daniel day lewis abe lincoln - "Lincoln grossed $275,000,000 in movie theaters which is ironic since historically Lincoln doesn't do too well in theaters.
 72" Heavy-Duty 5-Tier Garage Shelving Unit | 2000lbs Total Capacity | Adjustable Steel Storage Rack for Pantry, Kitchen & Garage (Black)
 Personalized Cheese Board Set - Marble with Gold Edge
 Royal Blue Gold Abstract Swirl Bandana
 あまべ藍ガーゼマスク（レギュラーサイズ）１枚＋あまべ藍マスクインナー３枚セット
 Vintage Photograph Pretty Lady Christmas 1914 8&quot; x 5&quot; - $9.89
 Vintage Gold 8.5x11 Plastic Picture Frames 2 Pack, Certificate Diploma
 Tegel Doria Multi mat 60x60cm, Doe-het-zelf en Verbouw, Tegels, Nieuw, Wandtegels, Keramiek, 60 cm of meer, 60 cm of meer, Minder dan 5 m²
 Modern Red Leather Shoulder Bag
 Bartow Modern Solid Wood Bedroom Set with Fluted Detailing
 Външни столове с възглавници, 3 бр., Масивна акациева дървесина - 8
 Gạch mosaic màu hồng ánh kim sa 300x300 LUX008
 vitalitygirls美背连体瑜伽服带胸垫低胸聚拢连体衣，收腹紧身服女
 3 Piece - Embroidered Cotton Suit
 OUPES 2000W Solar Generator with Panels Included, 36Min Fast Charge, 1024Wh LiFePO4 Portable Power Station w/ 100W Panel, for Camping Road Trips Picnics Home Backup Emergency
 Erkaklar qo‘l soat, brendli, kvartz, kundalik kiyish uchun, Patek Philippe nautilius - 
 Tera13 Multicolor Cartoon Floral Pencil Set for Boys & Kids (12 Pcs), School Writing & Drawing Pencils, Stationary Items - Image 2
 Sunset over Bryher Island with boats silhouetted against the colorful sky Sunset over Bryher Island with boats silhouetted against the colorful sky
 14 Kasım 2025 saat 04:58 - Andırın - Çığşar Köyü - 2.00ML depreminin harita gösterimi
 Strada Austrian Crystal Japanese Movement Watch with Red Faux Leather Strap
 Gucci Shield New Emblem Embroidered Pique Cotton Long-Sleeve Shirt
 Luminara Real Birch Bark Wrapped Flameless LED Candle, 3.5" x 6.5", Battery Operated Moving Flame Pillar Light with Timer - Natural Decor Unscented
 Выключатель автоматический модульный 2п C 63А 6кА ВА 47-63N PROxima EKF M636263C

···

→ **DIRECTIONS FOR THIS TASK**:
All of the material above should be printed out in full, word for word.

→ **THE ANSWER**:
daniel day lewis abe lincoln - "Lincoln grossed $275,000,000 in movie theaters which is ironic since historically Lincoln doesn't do too well in theaters.
 72" Heavy-Duty 5-Tier Garage Shelving Unit | 2000lbs Total Capacity | Adjustable Steel Storage Rack for Pantry, Kitchen & Garage (Black)
 Personalized Cheese Board Set - Marble with Gold Edge
 Royal Blue Gold Abstract Swirl Bandana
 あまべ藍ガーゼマスク（レギュラーサイズ）１枚＋あまべ藍マスクインナー３枚セット
 Vintage Photograph Pretty Lady Christmas 1914 8&quot; x 5&quot; - $9.89
 Vintage Gold 8.5x11 Plastic Picture Frames 2 Pack, Certificate Diploma
 Tegel Doria Multi mat 60x60cm, Doe-het-zelf en Verbouw, Tegels, Nieuw, Wandtegels, Keramiek, 60 cm of meer, 60 cm of meer, Minder dan 5 m²
 Modern Red Leather Shoulder Bag
 Bartow Modern Solid Wood Bedroom Set with Fluted Detailing
 Външни столове с възглавници, 3 бр., Масивна акациева дървесина - 8
 Gạch mosaic màu hồng ánh kim sa 300x300 LUX008
 vitalitygirls美背连体瑜伽服带胸垫低胸聚拢连体衣，收腹紧身服女
 3 Piece - Embroidered Cotton Suit
 OUPES 2000W Solar Generator with Panels Included, 36Min Fast Charge, 1024Wh LiFePO4 Portable Power Station w/ 100W Panel, for Camping Road Trips Picnics Home Backup Emergency
 Erkaklar qo‘l soat, brendli, kvartz, kundalik kiyish uchun, Patek Philippe nautilius - 
 Tera13 Multicolor Cartoon Floral Pencil Set for Boys & Kids (12 Pcs), School Writing & Drawing Pencils, Stationary Items - Image 2
 Sunset over Bryher Island with boats silhouetted against the colorful sky Sunset over Bryher Island with boats silhouetted against the colorful sky
 14 Kasım 2025 saat 04:58 - Andırın - Çığşar Köyü - 2.00ML depreminin harita gösterimi
 Strada Austrian Crystal Japanese Movement Watch with Red Faux Leather Strap
 Gucci Shield New Emblem Embroidered Pique Cotton Long-Sleeve Shirt
 Luminara Real Birch Bark Wrapped Flameless LED Candle, 3.5" x 6.5", Battery Operated Moving Flame Pillar Light with Timer - Natural Decor Unscented
 Выключатель автоматический модульный 2п C 63А 6кА ВА 47-63N PROxima EKF M636263C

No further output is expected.